Now that nrpe is installed on the primary Nagios server, and our new host and host service is configured, we can reload nagios service:
/etc/init.d/nagios reload
Web Interface
With the configuration read, you should now be able to access the web interface of Nagios. Under the Service Detail link you should see both the new remote host and the server/service we have setup to monitor. It is likely in an Unknown State at this time as the service has not been checked yet.
According to our service definition above, this service will be checked once every five minutes. If all has gone well, we should see the green in less than 5 minutes, which confirms proper installation and configuration of NRPE. In failure the service will go into a Soft State for two additional minutes. Once a Hard Failure state is achieved, you will see red and you should be able to check your Nagios log file in nagios/var/nagios.log for further information.
There are a lot of moving parts with this project so it is best to focus on a single server and a single service.
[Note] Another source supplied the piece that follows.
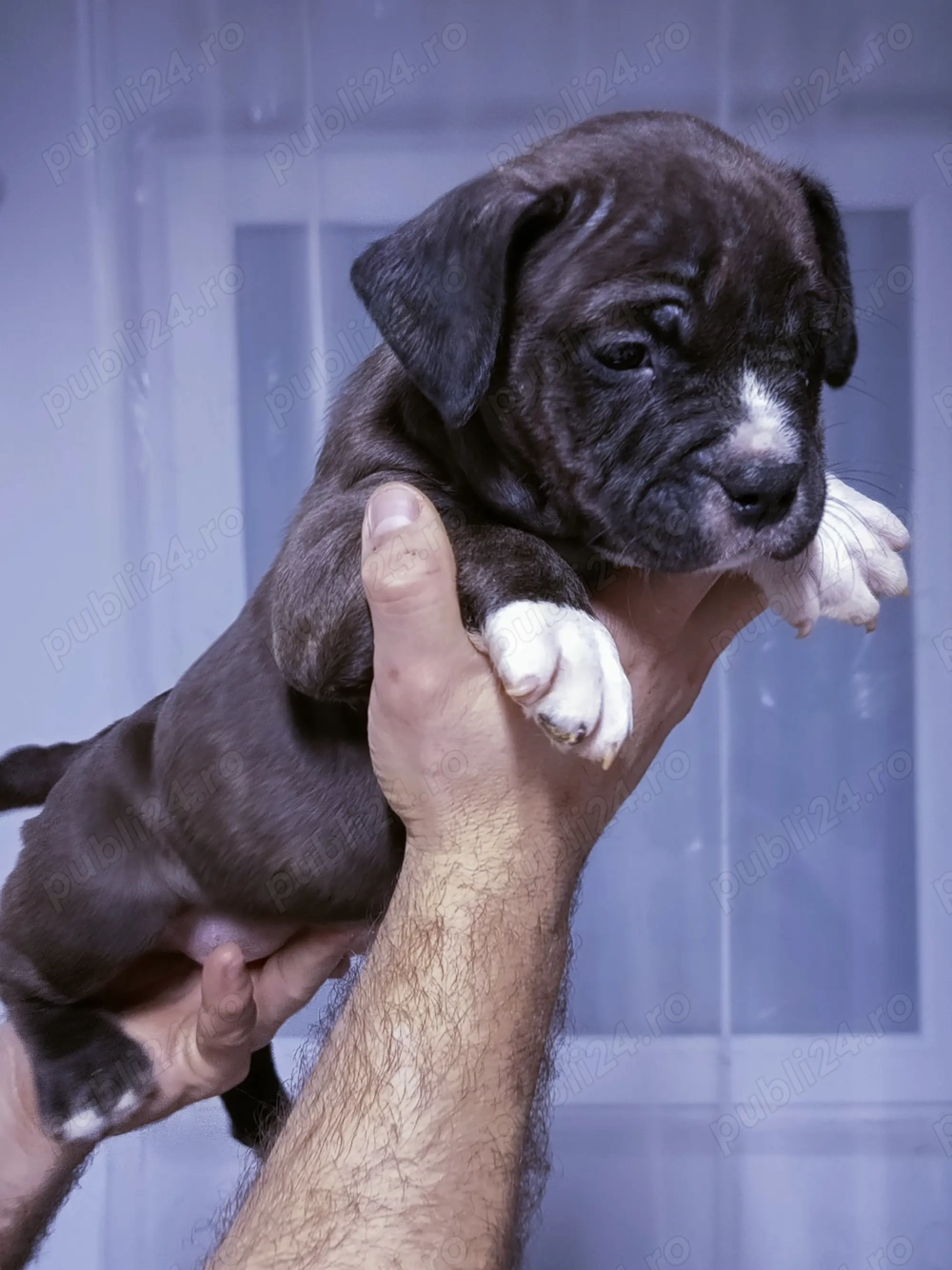 Căței de american bulli poket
Once you have a service properly configured it is a short step to configure the next service. Simply copy the service object created above and change the nrpe_check!'command_issued'.
What You Can Do
Many things can be monitored with NRPE that can not be monitored remotely by Nagios without NRPE. These include:
- Disk space
- Zombie processes
- Number of shell users
- Total processes
- Load average
And any thing else that doesn't run as a public service on the server.
Obviously, the advantage to remotely monitoring these server objects in a central location is that a problem may be much more quickly identified. This combined with the previous whitepaper's escalation procedures provide an effective response tool for reactively monitoring remote servers.
Remember, any of the commands that you have in the nagios/libexec folder are available to NRPE. To run these commands on the remote server, you simply need to setup the command in the nrpe.cfg file on the remote server. Here is an example using check_load:
command[check_load]=/usr/local/nagios/libexec/check_load -w 15,10,5 -c 30,25,20
The -w and the -c are the Warn and Critical thresholds.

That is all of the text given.